Feral domestic dogs are hardly wild animals.
posted by biscotti at 7:56 AM on January 17, 2010


cristinacristinacristina:"oh poor civilized humans, can't handle the idea of wild animals roaming free and acting as they do to survive. "sterilize the streets, make em pets or kill em all if they don't behave!" funny word there: behave. look at the artificiality of our own behavior - the problem is not the dogs in the city. the problem is the city itself and the inability for its human inhabitants to coexist with other creatures in a natural way."

I posted above about several people who have been killed by packs of stray dogs; aren't sterilization efforts "acting as we do to survive"? what does "coexist with other creatures in a natural way" mean - like on the veldt? A litter of pups starving to death is more "natural" than sterilization but I don't think it's a better outcome.

nasreddin: "So? Human beings starve to death in Moscow too."

I don't think that's the standard we should aspire to.
posted by Challahtronix at 8:06 AM on January 17, 2010 [2 favorites]


I don't think that's the standard we should aspire to.

What do you mean "we," Kemosabe?
posted by nasreddin at 8:17 AM on January 17, 2010


the problem is the city itself and the inability for its human inhabitants to coexist with other creatures in a natural way.

I like animals, but that's crazy talk. You live in a city because you enjoy all of the unnatural advantages of living in a city, including the advantage of being able to step outside without becoming lunch. We don't let bears and lions and wolves walk down Main Street because we don't like to be eaten and we don't like them to eat our livestock. We don't let herds of buffalo walk through our fields because soon we would have no crops. The only large animals we encourage to live among us are the ones we use, other than a few (such as Gibraltar's apes) that are protected by superstition and the tourist dollar.

These dogs, of all creatures, are not natural. They were created by humans, they escaped from (or were discarded by) humans, and now they scavenge on human waste in a human landscape. In a better city, people would do a better job of controlling them. Make owners responsible for their pets (chip and track every dog and cat) and then encourage them to sterilize their pets.
posted by pracowity at 10:57 AM on January 17, 2010 [2 favorites]


I've lived in places that are like Moscow, places where there will never be gov funding for serious animal control and no volunteer groups to round up and spay or neuter strays.

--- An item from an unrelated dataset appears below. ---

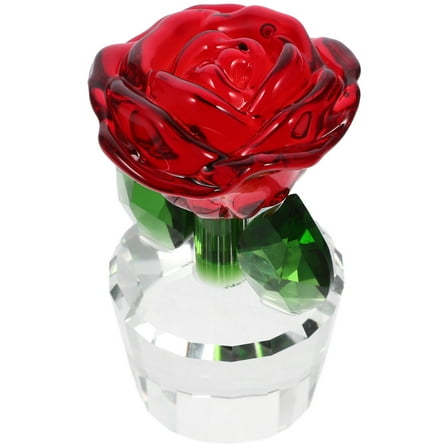 Crystal Rose Figurine Desktop Flower Ornament Collectible Decor 1 Piece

So in this case they've done what's natural. They've embraced their furry citizens as an element of their culture. (I'm sure though, that if a local were to come across a "bad" dog, there would be no hesitation to put the animal down.
posted by snsranch at 3:43 PM on January 17, 2010


One time I was riding my bicycle through suburbs and came to a house by the side of the road with a fenced yard and a dog inside. The dog launched himself on an intercept course. "No problem," I thought, "the yard is fenced." Until I realised that there was an open gate that the dog was making for.

The uncanny thing was that the dog made no sound -- no growling or barking, just a silent streak. I have never sprinted as hard in my life, and he was gaining on me. I can't say that I knew what I was doing but I grabbed my pump and waved it in his direction, and it just happened to extend and hit him on the face. He backed off.

I love dogs, but since that day I've become a firm proponent of leash laws. Free-running predators large enough to kill humans cannot be allowed in urban areas.
posted by phliar at 3:23 PM on January 18, 2010 [4 favorites]


Sterilize or kill all of them. Cities should not have carnivores that big running loose...

Exactly. They should be lining up at KFC with their money ready, like all the other carnivores.